Your objective — For every line in the data below that contains "Hamas", copy the line.

Entries shown —
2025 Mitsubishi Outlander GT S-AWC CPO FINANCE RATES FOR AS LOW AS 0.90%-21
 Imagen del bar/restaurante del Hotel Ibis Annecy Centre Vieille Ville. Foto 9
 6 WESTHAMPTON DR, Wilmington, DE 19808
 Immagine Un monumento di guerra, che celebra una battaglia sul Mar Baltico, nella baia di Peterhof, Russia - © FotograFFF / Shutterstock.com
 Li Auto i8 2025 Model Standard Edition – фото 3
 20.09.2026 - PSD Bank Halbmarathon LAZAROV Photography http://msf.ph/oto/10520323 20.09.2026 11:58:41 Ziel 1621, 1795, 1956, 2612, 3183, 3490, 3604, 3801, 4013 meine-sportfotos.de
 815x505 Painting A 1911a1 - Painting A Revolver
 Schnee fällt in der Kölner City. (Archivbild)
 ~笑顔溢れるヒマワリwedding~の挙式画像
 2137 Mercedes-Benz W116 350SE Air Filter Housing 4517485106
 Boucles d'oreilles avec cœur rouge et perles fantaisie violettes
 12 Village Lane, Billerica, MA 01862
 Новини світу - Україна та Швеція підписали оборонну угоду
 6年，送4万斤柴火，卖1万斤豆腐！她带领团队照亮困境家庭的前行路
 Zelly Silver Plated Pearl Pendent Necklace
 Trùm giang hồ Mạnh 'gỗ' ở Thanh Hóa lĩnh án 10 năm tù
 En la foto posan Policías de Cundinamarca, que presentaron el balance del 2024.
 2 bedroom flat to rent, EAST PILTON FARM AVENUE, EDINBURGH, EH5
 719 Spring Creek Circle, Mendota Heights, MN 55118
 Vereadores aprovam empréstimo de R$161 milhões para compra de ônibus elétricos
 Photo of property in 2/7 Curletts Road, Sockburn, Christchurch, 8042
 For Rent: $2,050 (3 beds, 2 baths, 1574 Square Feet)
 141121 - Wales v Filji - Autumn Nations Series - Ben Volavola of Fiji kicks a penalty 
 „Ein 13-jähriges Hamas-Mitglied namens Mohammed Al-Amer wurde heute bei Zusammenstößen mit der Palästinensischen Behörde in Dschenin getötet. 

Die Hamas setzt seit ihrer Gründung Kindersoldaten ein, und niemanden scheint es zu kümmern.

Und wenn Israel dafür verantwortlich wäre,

Result of the task —
 „Ein 13-jähriges Hamas-Mitglied namens Mohammed Al-Amer wurde heute bei Zusammenstößen mit der Palästinensischen Behörde in Dschenin getötet. 
Die Hamas setzt seit ihrer Gründung Kindersoldaten ein, und niemanden scheint es zu kümmern.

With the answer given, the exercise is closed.